EXERCISE INSTRUCTIONS: Leaving the images aside, transcribe all the data below exactly.

INFORMATION PROVIDED:
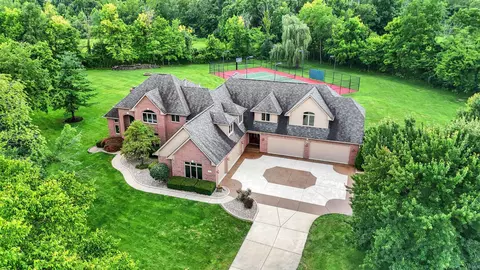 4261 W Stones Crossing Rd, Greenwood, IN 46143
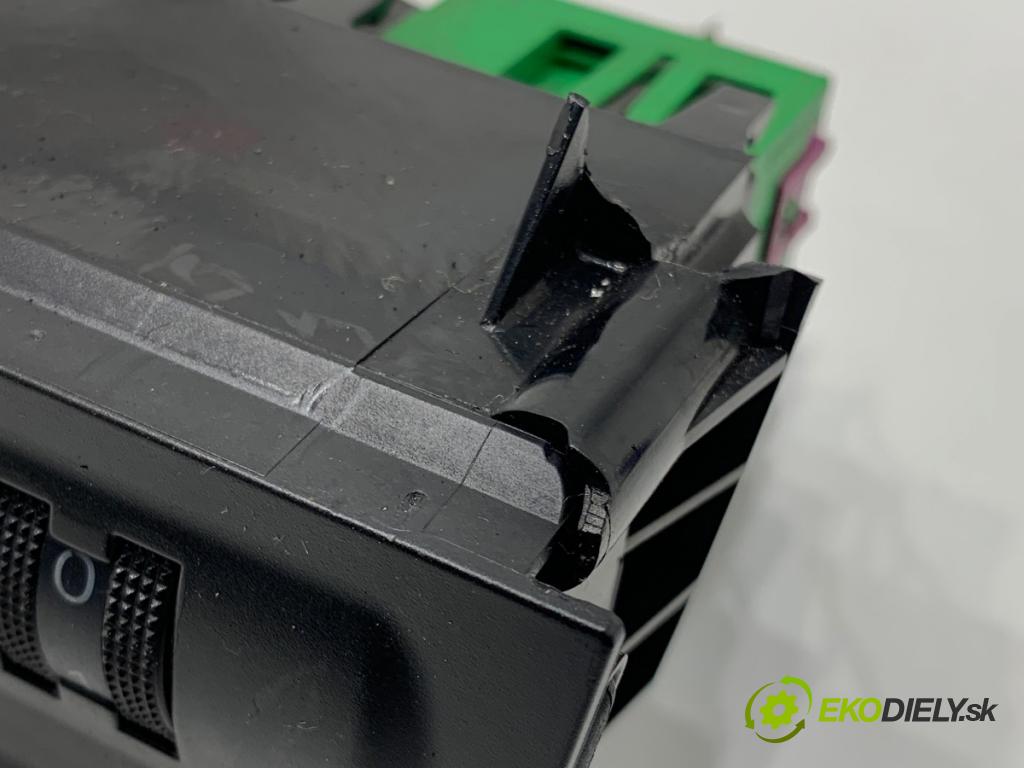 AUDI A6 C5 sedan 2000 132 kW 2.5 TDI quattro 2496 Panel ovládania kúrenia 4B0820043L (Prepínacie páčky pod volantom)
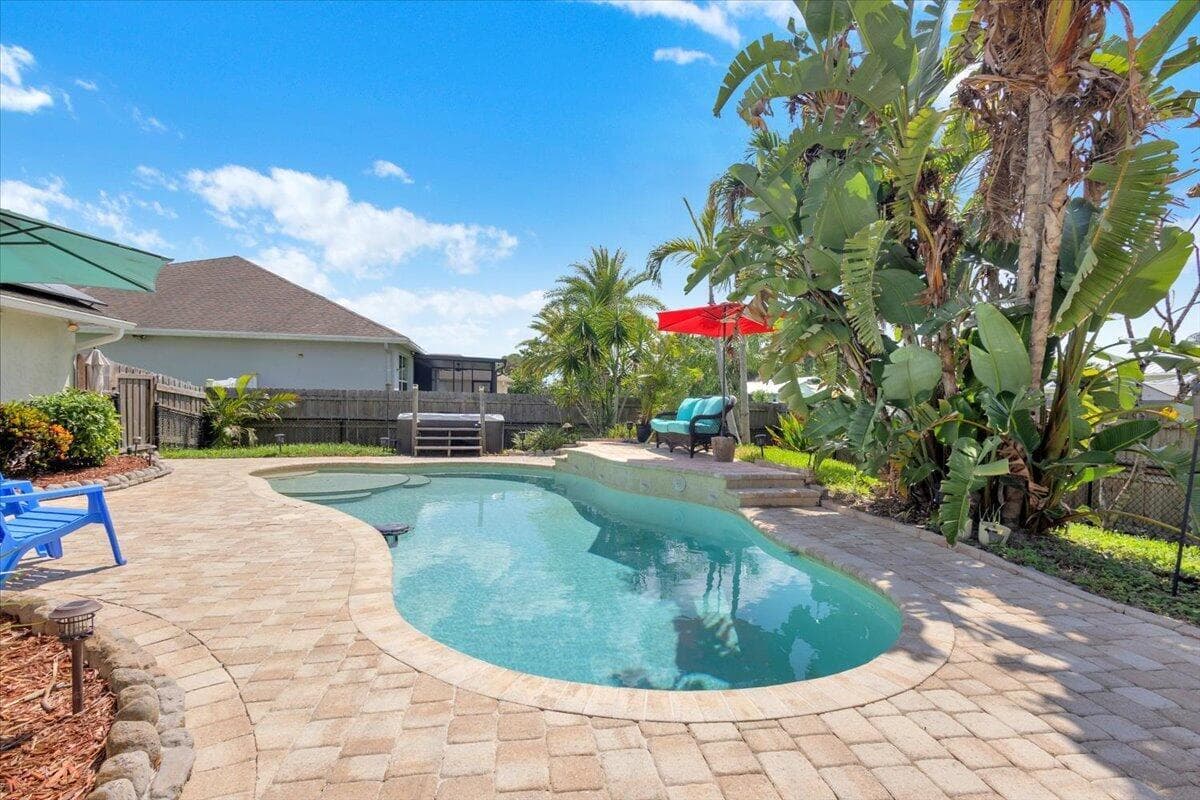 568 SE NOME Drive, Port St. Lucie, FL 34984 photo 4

EXPECTED ANSWER:
 4261 W Stones Crossing Rd, Greenwood, IN 46143
 AUDI A6 C5 sedan 2000 132 kW 2.5 TDI quattro 2496 Panel ovládania kúrenia 4B0820043L (Prepínacie páčky pod volantom)
 568 SE NOME Drive, Port St. Lucie, FL 34984 photo 4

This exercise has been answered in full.